The life cycle of the locusts as depicted on a “Ceran” cooktop panel. After fertilization, the eggs are laid and then comes growth until the locust lands in the pot...
The World on Foot
For five months, visitors from around the world could tour the world on foot at the EXPO 2000 in Hanover where SCHOTT was a member of the Food Pavilion.
On 160 hectares, urban explorers could take in the fully recyclable Japanese pavilion made of paper, the birch forest landscape in the Finnish pavilion or the future as depicted in the 21st Century thematic area. The presentations at the EXPO 2000, the modern heir to the world fairs of times past, reflected the diversity of the planet on the one hand, while also depicting the themes that unite. Like food.
Everyone needs nutrition and luckily for the curious, the Food Pavilion offered a feast of information, impressions and even an unusual snack or two prepared on modern kitchen technology. Daily cooking sessions on glass ceramic from SCHOTT allowed visitors to see, smell and even taste both local dishes from Hanover and exotic delicacies from around the world.
A real crowd-pleaser was the insect cuisine offered every Tuesday and Sunday.
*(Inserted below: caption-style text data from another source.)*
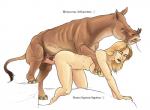 bestiality breasts duo erection female female_on_feral feral genitals hair human_on_feral interspecies male male/female male_on_human nipples nude open_mouth penis teeth text vermilion888 human mammal menoceras rhinoceros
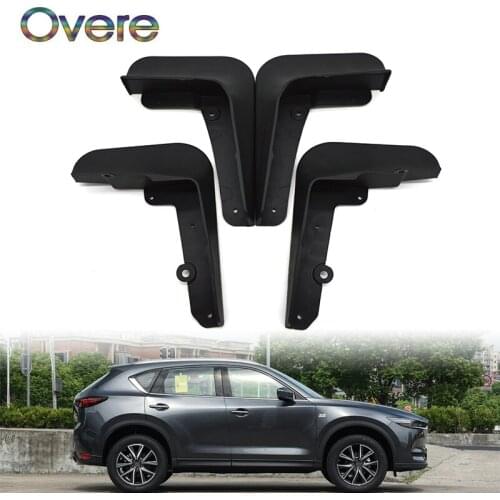 OVERE Car Front Rear Mudguards For 2017 2018 MaOVEREa CX-5 CX5 4Pcs Mud Flap Accessories Splash Guard Car-styling 1Set Mudflaps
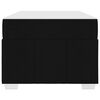vidaXL Krevetna konstrukcija s madracem Crna 90 x 200 cm tkanina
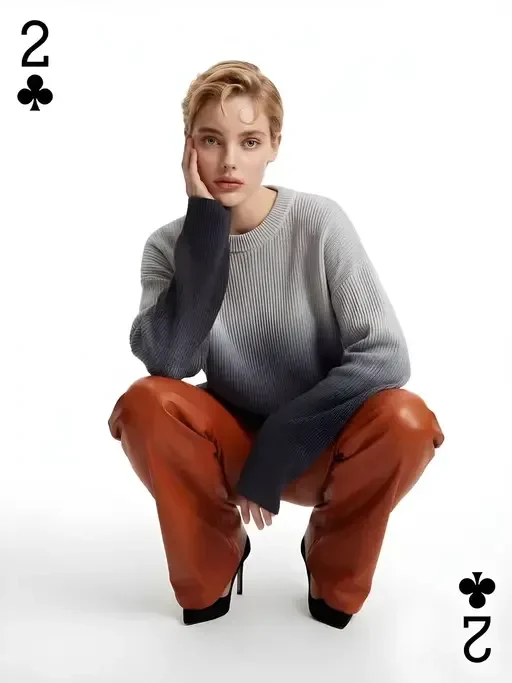 Luxury-Fashion Editorial Studio Portrait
At the “Infinity Table,” the hearth of the pavilion, cooks from around the world prepared locusts, caterpillars and other creepy-crawlies in front of curious on-lookers. The brave and adventurous could try the insect cuisine hot from the frying pan. Though insects are eaten in many cultures around the world and have been for millennia, for most visitors the first bite took a good portion of courage. And that is what the Food Pavilion designer team MIRALDA-arra intended.
“Eating is communication.” How and what do people on other continents eat? Why is a delicatessen for one, repulsive for another? The action was designed to help overcome prejudice and to show that insects are an important source of protein in cultures around the globe. And with the growing global population, these creatures will only increase in significance as a source of human nutrition.
The designer team MIRALDA-arra took a very international approach to the Food Pavilion, striving to create an exhibit which functions purely through symbols and could be understood across cultures without the use of texts. A large part of the communication took place through hundreds of objects from around the globe which symbolized the work, rituals, pleasure and even violence associated with our daily bread. These objects included plastic sushi, canned foods, wedding photos, pots, agricultural tools, and even a pig’s head. They were displayed along the Infinity Table behind non-reflecting “Mirogard” glass from SCHOTT Spezialglas AG, Standort Grünenplan in a sort of mini-museum surrounding the rituals of food and its preparation.
Modern and traditional
The insect cuisine at the EXPO 2000 in Hanover turned out to be a real crowd-pleaser. Visitors not only watched, they also tasted the exotic dish.